Mira Henry characterizes this in regard to the art institution in a statement she made at the 2017 Syracuse School of Architecture Boghosian Fellow Symposium: Ishness & Counter Absolutes, "High culture used to float above and be appropriated down," but now, "the digital has made high culture more accessible and common, everything is up for grabs." Through increased access to art, people are now able to publish their very own images to the network, and when published through social media platforms, the subject becomes the object. In response to the critical investigation of how contemporary image culture affects the way we consume art in the museum, The Image Bank finds potential in creating a space that focuses our attention and heightens our engagement with art today. Rather than proposing an impossible return to an idealized intimacy and isolation between art object and viewer, The Image Bank creates an art environment that lives amongst the impact of image culture on this growing audience of art consumers.
The art archive now finds its place to be exposed, experienced and exhibited in the setting of the DMV. While the museum is often cited as a democratic civic space, it is still tailored towards a certain demographic. The Image Bank is interested in the dissemination of art objects into a true public realm - one that is class-less and pervasive. The Department of Motor Vehicles is on e of the only remaining truly democratic places in the United States. It's banality offers a kind of displacement that will heighten the viewer's attention, while its pervasiveness increases access to all.
The Image Bank provides custom doppelgängers of elements consistently found in the DMV: the self service unit, the waiting bench, the counter queue screens, and the field of mobile tables. These elements are hybridized through techniques found in museum storage to subvert our understanding of art display, a means of displacement for the the purpose of attention.

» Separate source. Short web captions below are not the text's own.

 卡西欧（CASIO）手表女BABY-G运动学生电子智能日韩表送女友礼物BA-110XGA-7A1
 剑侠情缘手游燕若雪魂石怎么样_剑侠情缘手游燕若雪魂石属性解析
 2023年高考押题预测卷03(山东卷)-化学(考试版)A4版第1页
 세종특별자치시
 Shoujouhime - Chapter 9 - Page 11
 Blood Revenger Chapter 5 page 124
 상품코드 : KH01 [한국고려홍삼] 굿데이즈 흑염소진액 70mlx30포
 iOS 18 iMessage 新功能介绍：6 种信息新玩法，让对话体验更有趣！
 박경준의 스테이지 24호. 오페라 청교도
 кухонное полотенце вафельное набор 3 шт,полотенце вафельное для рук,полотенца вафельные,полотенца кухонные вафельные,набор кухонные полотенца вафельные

During one’s time at the DMV, the patron will engage with one piece of art and its associated digital media. The Image Bank will randomly generate one piece of art per patron, sourcing from all art museum digital archives that are currently available online. This art object is thermally printed on a receipt, which the patron can reference as he/she engages with the various doppelgängers on site. As the patron navigates the waiting zone, a seemingly endless flood of digital media linked to the archived piece will overwhelm the viewer’s vision. When they are done engaging with their art object, that piece is removed from The Image Bank forever. It's only remaining archival image, that of the receipt, will fade over time - eventually disappearing all together, a kind of deaccessioning.